After talking to a nurse friend, Fred Young decided he wasn't going to take any chances. First thing Wednesday morning, the north Scottsdale resident took a break from his job as a mortgage broker and headed to Larada's Army Surplus Store in Mesa.
Once there, Young filled up his basket with $20 bottles of potassium iodate and water purifying pills. He was still straddling the fence, though, about whether to buy a gas mask. The sign hanging over the $79.95 item promised to filter not only nuclear but biological and chemical agents.

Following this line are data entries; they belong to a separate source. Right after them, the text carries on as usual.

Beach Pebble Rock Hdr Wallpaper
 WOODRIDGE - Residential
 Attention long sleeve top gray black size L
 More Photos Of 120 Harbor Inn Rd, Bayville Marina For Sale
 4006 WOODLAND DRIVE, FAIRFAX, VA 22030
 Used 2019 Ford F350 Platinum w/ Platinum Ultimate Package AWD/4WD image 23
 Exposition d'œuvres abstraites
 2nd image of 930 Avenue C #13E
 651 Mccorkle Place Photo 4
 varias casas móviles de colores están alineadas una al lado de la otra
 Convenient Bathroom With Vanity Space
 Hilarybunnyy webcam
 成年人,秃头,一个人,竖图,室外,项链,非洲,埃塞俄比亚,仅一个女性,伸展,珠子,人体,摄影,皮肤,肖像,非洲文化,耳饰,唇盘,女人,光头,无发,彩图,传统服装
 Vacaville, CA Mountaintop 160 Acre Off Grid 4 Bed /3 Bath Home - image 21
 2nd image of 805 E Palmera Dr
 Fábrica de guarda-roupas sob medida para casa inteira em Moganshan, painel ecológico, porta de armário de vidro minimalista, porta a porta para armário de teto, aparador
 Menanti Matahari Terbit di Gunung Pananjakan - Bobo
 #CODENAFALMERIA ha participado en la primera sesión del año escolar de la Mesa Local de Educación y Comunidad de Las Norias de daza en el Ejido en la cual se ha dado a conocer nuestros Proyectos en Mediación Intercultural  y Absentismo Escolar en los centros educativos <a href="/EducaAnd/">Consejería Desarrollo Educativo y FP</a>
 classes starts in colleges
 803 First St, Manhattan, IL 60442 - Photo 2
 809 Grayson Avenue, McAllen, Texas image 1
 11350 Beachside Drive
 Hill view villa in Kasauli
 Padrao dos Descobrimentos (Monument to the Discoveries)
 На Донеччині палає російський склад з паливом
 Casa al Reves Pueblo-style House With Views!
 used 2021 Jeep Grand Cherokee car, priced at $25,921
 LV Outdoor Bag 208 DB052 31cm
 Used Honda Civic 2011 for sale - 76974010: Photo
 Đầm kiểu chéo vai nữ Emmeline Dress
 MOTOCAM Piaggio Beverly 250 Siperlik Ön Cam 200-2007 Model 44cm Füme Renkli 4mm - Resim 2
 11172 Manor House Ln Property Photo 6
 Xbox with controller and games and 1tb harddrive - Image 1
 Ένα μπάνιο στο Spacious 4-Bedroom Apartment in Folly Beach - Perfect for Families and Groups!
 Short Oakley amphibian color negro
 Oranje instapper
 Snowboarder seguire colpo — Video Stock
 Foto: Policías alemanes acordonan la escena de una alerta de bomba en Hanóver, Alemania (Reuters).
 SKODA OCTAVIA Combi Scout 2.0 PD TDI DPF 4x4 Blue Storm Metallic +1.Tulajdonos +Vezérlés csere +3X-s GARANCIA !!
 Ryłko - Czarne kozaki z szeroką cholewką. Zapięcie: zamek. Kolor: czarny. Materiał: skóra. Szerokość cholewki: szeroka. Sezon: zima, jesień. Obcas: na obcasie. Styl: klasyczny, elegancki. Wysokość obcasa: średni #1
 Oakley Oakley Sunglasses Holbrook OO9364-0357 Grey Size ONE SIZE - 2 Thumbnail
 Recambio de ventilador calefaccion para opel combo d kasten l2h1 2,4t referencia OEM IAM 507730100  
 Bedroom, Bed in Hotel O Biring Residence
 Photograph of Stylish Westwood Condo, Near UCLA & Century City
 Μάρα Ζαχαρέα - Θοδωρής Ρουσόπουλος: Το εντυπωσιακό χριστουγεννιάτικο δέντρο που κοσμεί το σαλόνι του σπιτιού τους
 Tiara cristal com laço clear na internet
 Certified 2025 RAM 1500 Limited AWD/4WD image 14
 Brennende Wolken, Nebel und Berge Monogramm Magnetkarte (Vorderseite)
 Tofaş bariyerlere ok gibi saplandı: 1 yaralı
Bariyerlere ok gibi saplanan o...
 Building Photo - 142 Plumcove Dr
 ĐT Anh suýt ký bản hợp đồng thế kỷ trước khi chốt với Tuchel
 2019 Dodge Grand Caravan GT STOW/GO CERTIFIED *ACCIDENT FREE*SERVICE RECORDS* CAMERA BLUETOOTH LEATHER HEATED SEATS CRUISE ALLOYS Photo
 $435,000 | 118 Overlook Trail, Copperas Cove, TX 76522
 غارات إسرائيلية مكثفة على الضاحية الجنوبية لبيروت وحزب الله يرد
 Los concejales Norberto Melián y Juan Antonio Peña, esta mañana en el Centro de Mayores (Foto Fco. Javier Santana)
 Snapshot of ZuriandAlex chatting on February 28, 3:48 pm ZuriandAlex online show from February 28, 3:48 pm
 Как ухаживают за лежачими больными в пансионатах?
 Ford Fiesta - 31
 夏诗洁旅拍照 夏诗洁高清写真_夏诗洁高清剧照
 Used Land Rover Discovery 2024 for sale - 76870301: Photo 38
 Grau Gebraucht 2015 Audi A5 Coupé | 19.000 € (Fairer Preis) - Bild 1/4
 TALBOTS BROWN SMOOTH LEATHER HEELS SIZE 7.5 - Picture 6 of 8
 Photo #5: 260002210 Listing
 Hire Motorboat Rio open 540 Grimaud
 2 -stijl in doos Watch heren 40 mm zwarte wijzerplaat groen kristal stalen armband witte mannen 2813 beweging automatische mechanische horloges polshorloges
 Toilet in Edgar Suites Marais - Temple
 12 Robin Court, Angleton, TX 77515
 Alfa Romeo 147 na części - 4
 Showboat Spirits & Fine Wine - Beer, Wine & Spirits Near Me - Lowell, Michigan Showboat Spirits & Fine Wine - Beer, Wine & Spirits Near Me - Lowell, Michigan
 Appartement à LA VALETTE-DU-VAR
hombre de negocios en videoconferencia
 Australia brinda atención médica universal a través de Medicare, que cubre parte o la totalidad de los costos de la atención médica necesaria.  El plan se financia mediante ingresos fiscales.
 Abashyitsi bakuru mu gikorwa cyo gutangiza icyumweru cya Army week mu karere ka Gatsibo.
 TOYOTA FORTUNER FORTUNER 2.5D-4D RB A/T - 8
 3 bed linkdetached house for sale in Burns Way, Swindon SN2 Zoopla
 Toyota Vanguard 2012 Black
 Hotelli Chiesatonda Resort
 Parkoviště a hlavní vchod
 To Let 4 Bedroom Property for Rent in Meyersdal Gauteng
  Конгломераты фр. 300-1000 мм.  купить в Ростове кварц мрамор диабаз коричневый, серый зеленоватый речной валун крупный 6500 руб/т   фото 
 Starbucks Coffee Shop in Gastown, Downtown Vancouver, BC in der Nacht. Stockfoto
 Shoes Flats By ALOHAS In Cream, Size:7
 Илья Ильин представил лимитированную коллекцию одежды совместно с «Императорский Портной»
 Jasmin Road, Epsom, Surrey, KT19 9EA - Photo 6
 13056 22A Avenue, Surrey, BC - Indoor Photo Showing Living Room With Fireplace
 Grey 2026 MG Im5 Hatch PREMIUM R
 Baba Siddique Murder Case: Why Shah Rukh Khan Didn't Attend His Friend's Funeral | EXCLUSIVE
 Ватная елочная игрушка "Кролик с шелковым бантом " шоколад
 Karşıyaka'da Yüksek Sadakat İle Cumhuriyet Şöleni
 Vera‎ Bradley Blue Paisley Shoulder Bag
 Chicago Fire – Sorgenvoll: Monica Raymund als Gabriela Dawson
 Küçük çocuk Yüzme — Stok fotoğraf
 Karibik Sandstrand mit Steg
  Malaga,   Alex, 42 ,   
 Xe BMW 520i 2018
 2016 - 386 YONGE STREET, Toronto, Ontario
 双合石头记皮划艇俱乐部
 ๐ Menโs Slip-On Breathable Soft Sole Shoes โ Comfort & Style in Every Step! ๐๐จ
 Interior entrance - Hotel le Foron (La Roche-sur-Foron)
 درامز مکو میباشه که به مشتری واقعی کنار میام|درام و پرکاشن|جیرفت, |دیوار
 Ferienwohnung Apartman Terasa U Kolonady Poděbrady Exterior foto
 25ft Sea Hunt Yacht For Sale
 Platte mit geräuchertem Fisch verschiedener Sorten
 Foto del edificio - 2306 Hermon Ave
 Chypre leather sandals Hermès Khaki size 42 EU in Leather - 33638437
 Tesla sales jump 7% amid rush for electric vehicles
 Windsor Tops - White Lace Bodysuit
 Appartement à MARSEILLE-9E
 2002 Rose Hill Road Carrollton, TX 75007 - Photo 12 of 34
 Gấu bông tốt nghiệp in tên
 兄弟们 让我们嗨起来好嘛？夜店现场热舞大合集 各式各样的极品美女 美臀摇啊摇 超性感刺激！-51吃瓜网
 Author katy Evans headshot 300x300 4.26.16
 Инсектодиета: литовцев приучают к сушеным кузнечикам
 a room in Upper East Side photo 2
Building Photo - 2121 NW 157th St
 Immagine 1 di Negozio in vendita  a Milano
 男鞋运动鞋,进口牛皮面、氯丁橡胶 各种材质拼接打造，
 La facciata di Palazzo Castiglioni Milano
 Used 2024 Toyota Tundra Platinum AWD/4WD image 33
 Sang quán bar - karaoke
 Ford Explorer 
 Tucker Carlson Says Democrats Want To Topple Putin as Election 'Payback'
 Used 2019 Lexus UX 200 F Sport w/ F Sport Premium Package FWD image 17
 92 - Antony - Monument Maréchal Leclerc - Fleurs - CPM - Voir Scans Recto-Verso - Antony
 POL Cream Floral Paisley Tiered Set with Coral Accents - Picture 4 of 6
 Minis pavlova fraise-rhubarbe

"I have a friend who's a nurse and she says everybody ought to have the potassium pills and everybody is talking about the dirty bomb," Young said.
Young was just one of about 20 people milling around the store's supply of chemical suits, military rations and plastic sheeting.
Since the government raised the nation’s terror alert from yellow to high-risk orange on Friday, East Valley stores of all kinds reported an increase in sales of emergency preparedness items. Orange is the second-highest level of alert and was boosted because of intelligence indicating al-Qaida was planning attacks on the United States.
Mimi Meredith, director of public relations for Bashas', said her grocery stores have seen a 10 percent to 15 percent increase in water sales, and Mark McKinnon, an assistant manager at a Gilbert Home Depot, said rolls of plastic and duct tape are flying off the shelves.
"It's the same kind of thing we saw with Y2K, but it was more intense then because people were worried about the power going out, too, and they were buying power generators," McKinnon said. "I think most of the people are in a precautionary mode. Out of the 25 people that I personally dealt with, only one person seemed panicky."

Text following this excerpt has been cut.